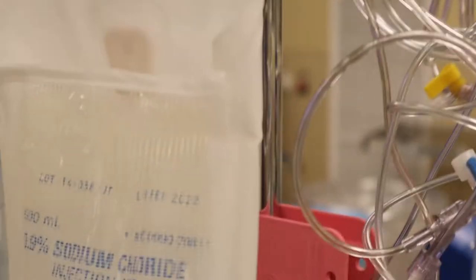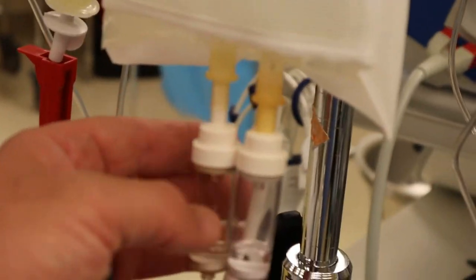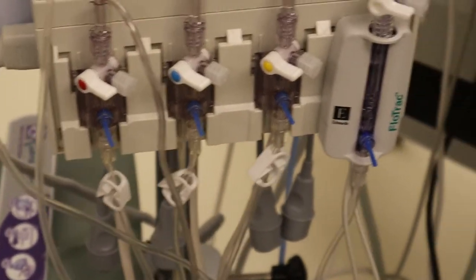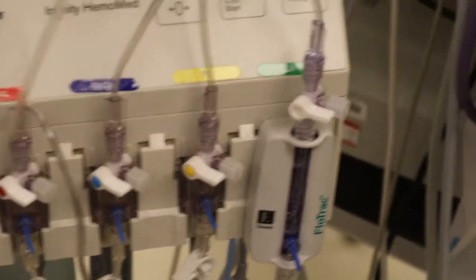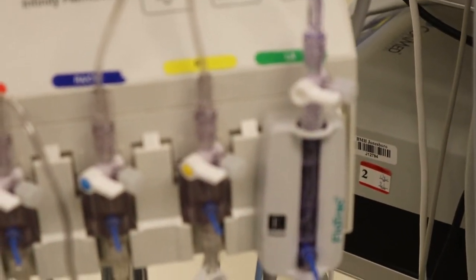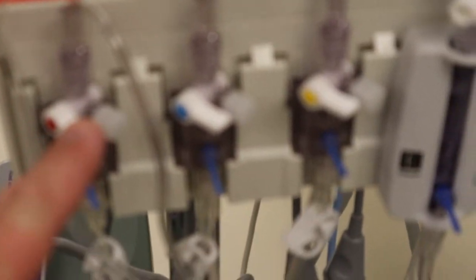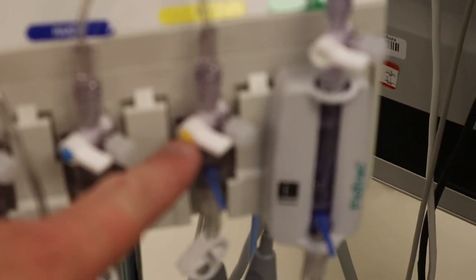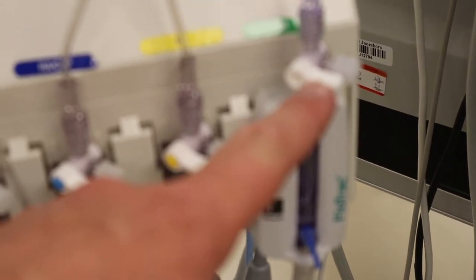Just to cover it again: we've got our 500cc bag, our pressure bag, our triple transducer that fills these first three spots on the hemopod, and then our flow track which goes into the far right — and that'll be for our femoral line. So from left to right, your transducers are your radial A-line, CVP, retrograde, and our femoral arterial line on the flow track.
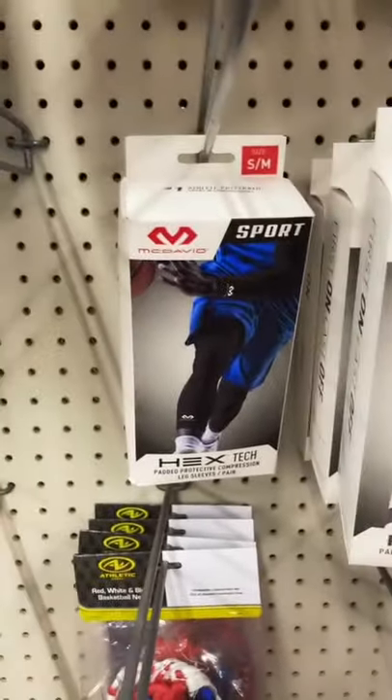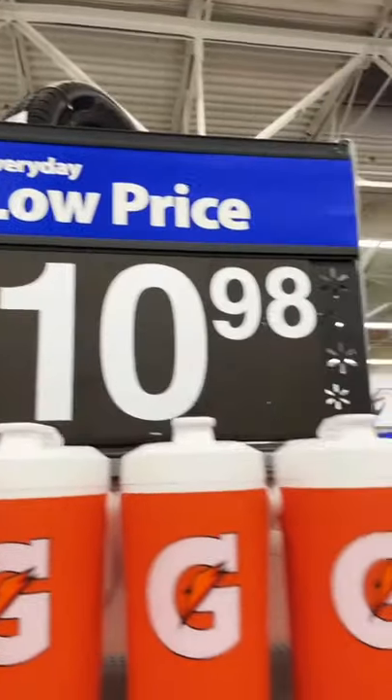Then we got the knee pads, $28. $5 for a basketball? Come on, man. Then we got the Gatorade bottles, $10.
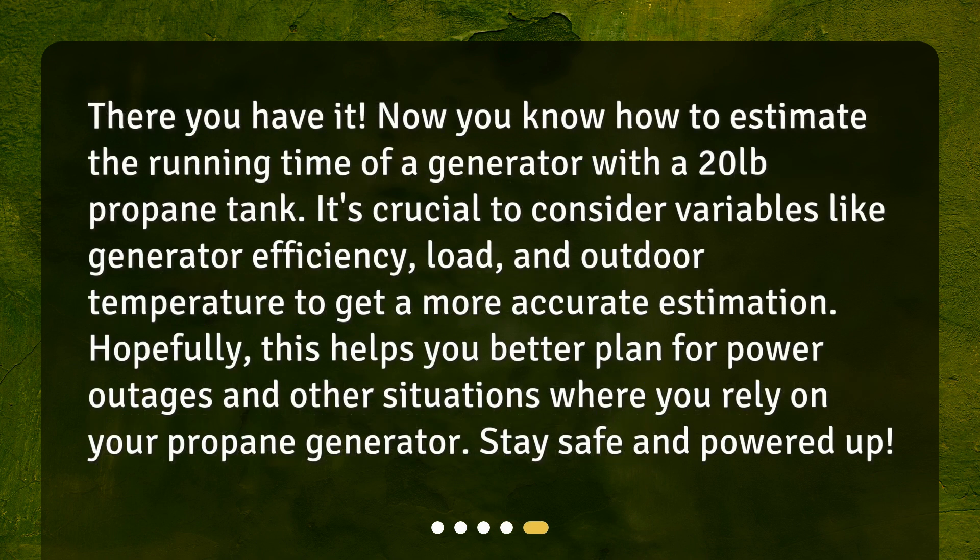There you have it. Now you know how to estimate the running time of a generator with a 20 pound propane tank. It's crucial to consider variables like generator efficiency, load, and outdoor temperature to get a more accurate estimation. Hopefully this helps you better plan for power outages and other situations where you rely on your propane generator. Stay safe and powered up!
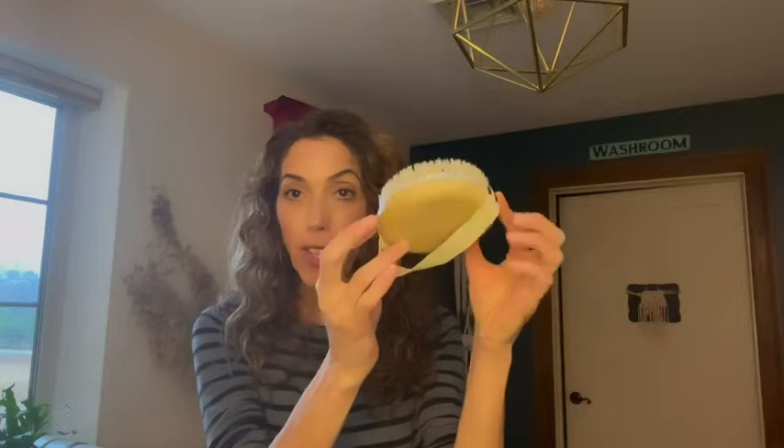Hi, I'm Jill with WTI, and I just wanted to share with you this amazing product — it's a dry brush. My mom has told me about dry brushing since I was a little girl, and I've been doing this for a long time.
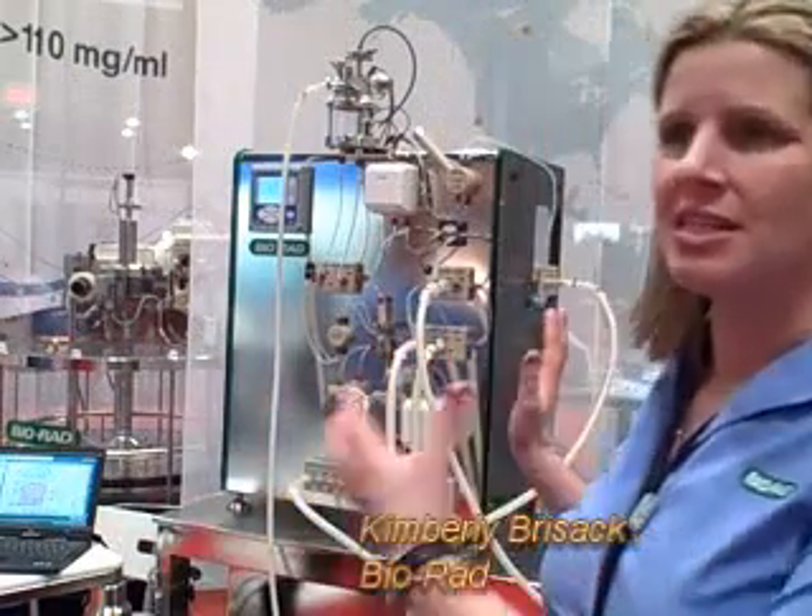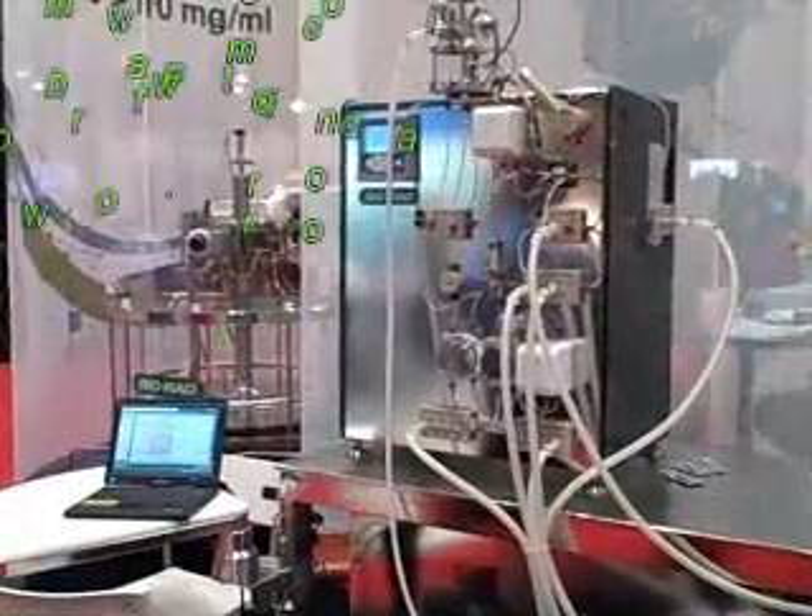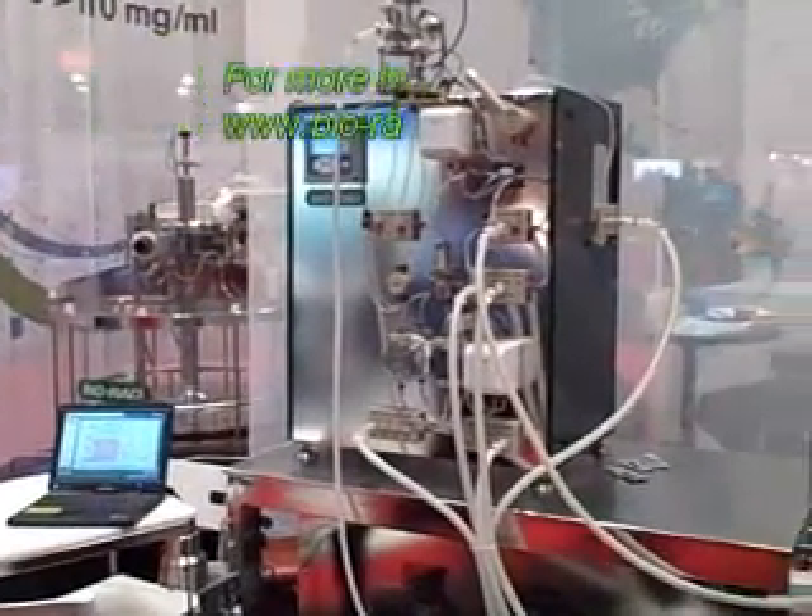The nice thing about having the small skid is that it's a very small footprint. We know that processing space is always at a premium, so having a very small footprint with a very fast flow rate is ideal. Awesome, thank you.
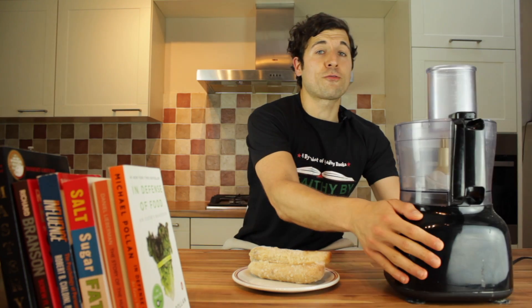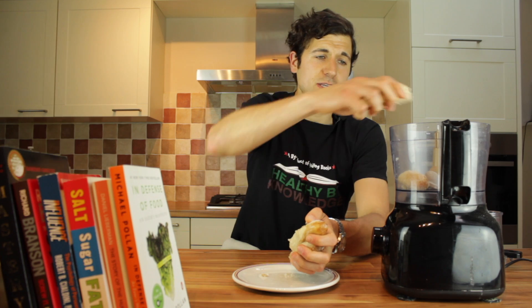So once the three or four hours are up, this is what your bananas are going to look like. They're going to be frozen together because you had them in that bag, but that doesn't really matter because you can split them apart really easily. Now what you need to grab is your food processor — pop the lid off and just stick your frozen banana in the food processor. See how easy that comes apart.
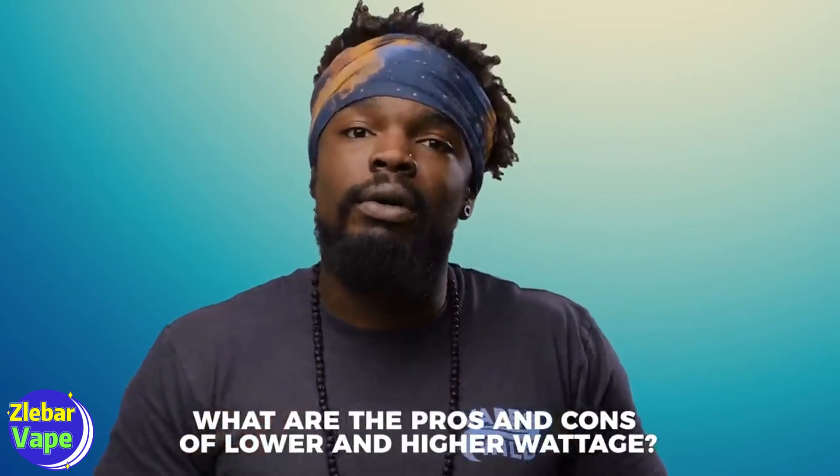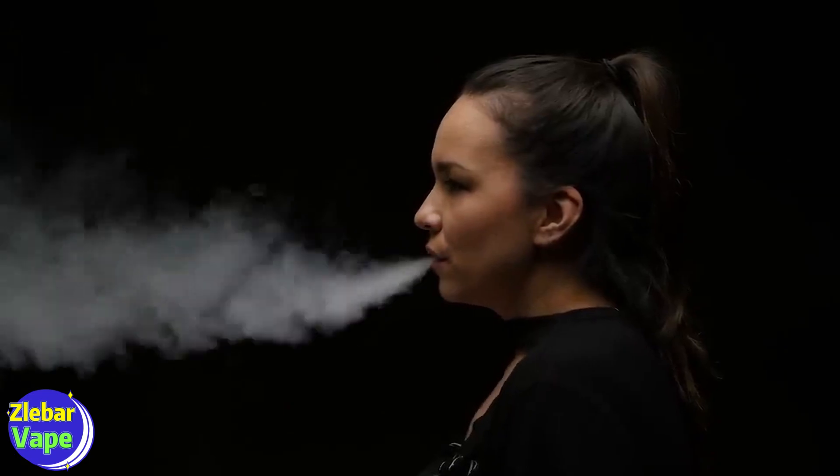What are the pros and cons of lower and higher wattage? Some of the pros of higher wattage are bigger clouds, better flavor, and a faster ramp-up time. But this comes at the cost of battery life and the potential of dry hits. Lower wattages give you a longer battery and coil life, but the tradeoff is muted flavor and less dense clouds.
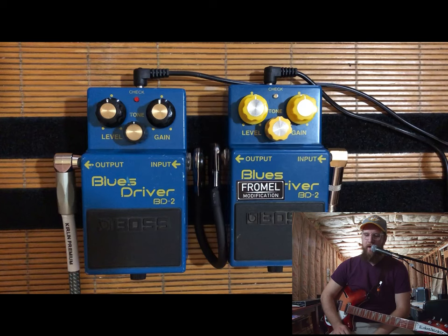Hey, what's up everybody? The Gear Dad here this morning. Got a little cold or something in my throat, but we're here with another pedal demo. If you'll look down here with me, today I've actually got something a lot of fun.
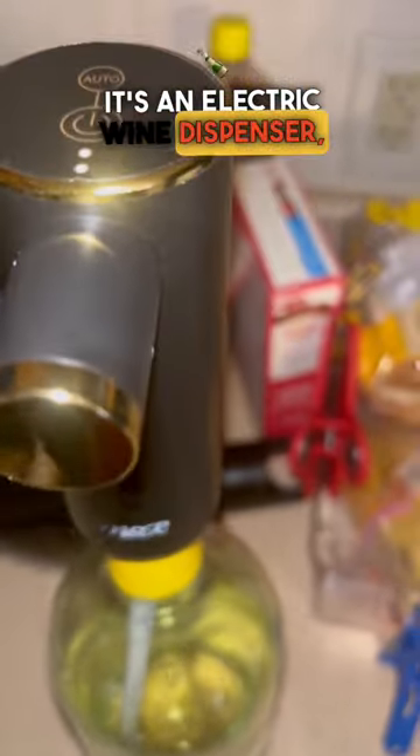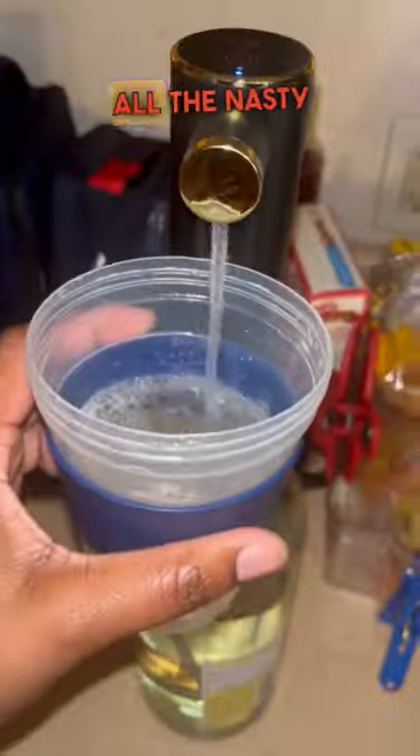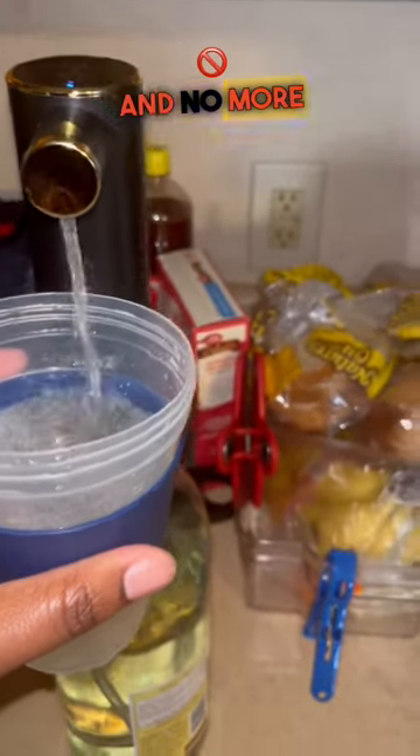This week I opened up one of my favorite Christmas gifts — it's an electric wine dispenser, but it's also an aerator. It pumps your wine for you in one touch and gets rid of all the nasty sulfates, so you have no more groggy feeling and no more headaches afterwards. Check the comments for the links.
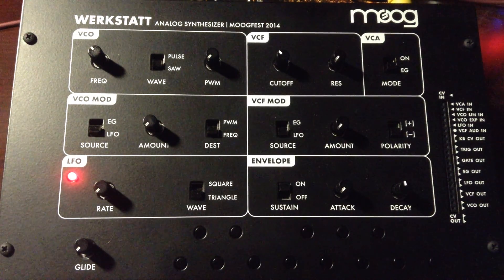Here we are — Nosy Productions Limited, run by myself and Brutus. We have Gear Prawn Episode 1: the Moog Werkstatt, built by myself at Moogfest 2014.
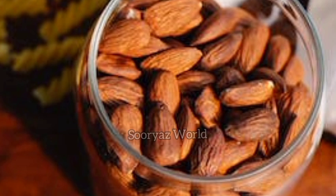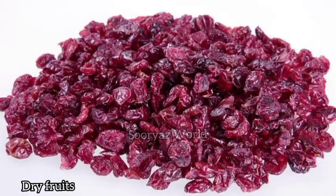We will add the dry fruits. You can add the dry fruits available to you. The dry fruits will be used to buy the dry fruits. Then add a tablespoon of dry fruits. We will add a tablespoon of a little bit.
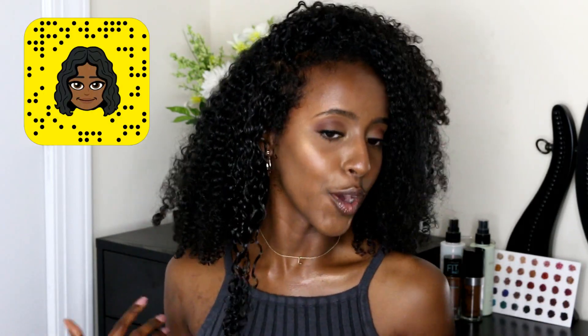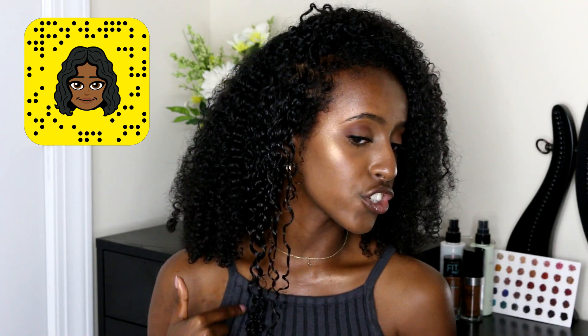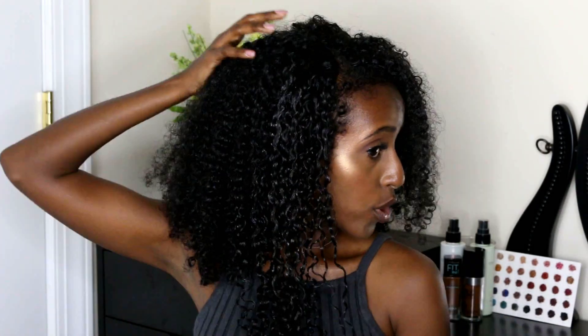As you can see already, the shine is there, the definition is there, and everything just looks more put together. Now granted I get a lot of shrinkage, so already these pieces look longer than this, but once it dries it'll all even out. I typically just like to smooth it like this and then rake it — like I'm raking it with a comb — and then that's it. Now this side is done, and I'm gonna work towards the back, really focusing the water on the ends because that's where it's most frizzy.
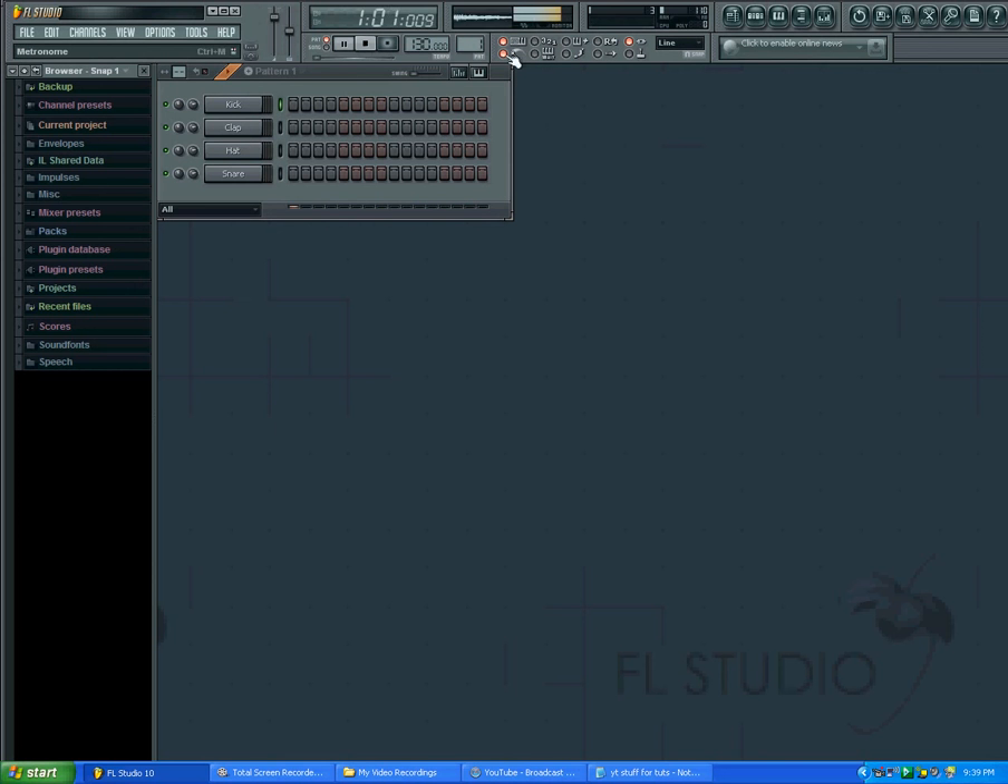It's basically whatever you want to hear as you're making your music, so that's how you do the metronome here. Stay tuned for the next videos. If you haven't visited my blog, please do so at FL Studio 123 dot blogspot dot com — link will be in the description. Thanks, bye.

* _Instructions to follow_:
The entries above are to be repeated exactly, except for any pictures.

* _Answer below_:
Just to cover it again: we've got our 500cc bag, our pressure bag, our triple transducer that fills these first three spots on the hemopod, and then our flow track which goes into the far right — and that'll be for our femoral line. So from left to right, your transducers are your radial A-line, CVP, retrograde, and our femoral arterial line on the flow track.
Then we got the knee pads, $28. $5 for a basketball? Come on, man. Then we got the Gatorade bottles, $10.
There you have it. Now you know how to estimate the running time of a generator with a 20 pound propane tank. It's crucial to consider variables like generator efficiency, load, and outdoor temperature to get a more accurate estimation. Hopefully this helps you better plan for power outages and other situations where you rely on your propane generator. Stay safe and powered up!
Hi, I'm Jill with WTI, and I just wanted to share with you this amazing product — it's a dry brush. My mom has told me about dry brushing since I was a little girl, and I've been doing this for a long time.
The nice thing about having the small skid is that it's a very small footprint. We know that processing space is always at a premium, so having a very small footprint with a very fast flow rate is ideal. Awesome, thank you.
So once the three or four hours are up, this is what your bananas are going to look like. They're going to be frozen together because you had them in that bag, but that doesn't really matter because you can split them apart really easily. Now what you need to grab is your food processor — pop the lid off and just stick your frozen banana in the food processor. See how easy that comes apart.
What are the pros and cons of lower and higher wattage? Some of the pros of higher wattage are bigger clouds, better flavor, and a faster ramp-up time. But this comes at the cost of battery life and the potential of dry hits. Lower wattages give you a longer battery and coil life, but the tradeoff is muted flavor and less dense clouds.
Hey, what's up everybody? The Gear Dad here this morning. Got a little cold or something in my throat, but we're here with another pedal demo. If you'll look down here with me, today I've actually got something a lot of fun.
This week I opened up one of my favorite Christmas gifts — it's an electric wine dispenser, but it's also an aerator. It pumps your wine for you in one touch and gets rid of all the nasty sulfates, so you have no more groggy feeling and no more headaches afterwards. Check the comments for the links.
Here we are — Nosy Productions Limited, run by myself and Brutus. We have Gear Prawn Episode 1: the Moog Werkstatt, built by myself at Moogfest 2014.
We will add the dry fruits. You can add the dry fruits available to you. The dry fruits will be used to buy the dry fruits. Then add a tablespoon of dry fruits. We will add a tablespoon of a little bit.
As you can see already, the shine is there, the definition is there, and everything just looks more put together. Now granted I get a lot of shrinkage, so already these pieces look longer than this, but once it dries it'll all even out. I typically just like to smooth it like this and then rake it — like I'm raking it with a comb — and then that's it. Now this side is done, and I'm gonna work towards the back, really focusing the water on the ends because that's where it's most frizzy.
It's basically whatever you want to hear as you're making your music, so that's how you do the metronome here. Stay tuned for the next videos. If you haven't visited my blog, please do so at FL Studio 123 dot blogspot dot com — link will be in the description. Thanks, bye.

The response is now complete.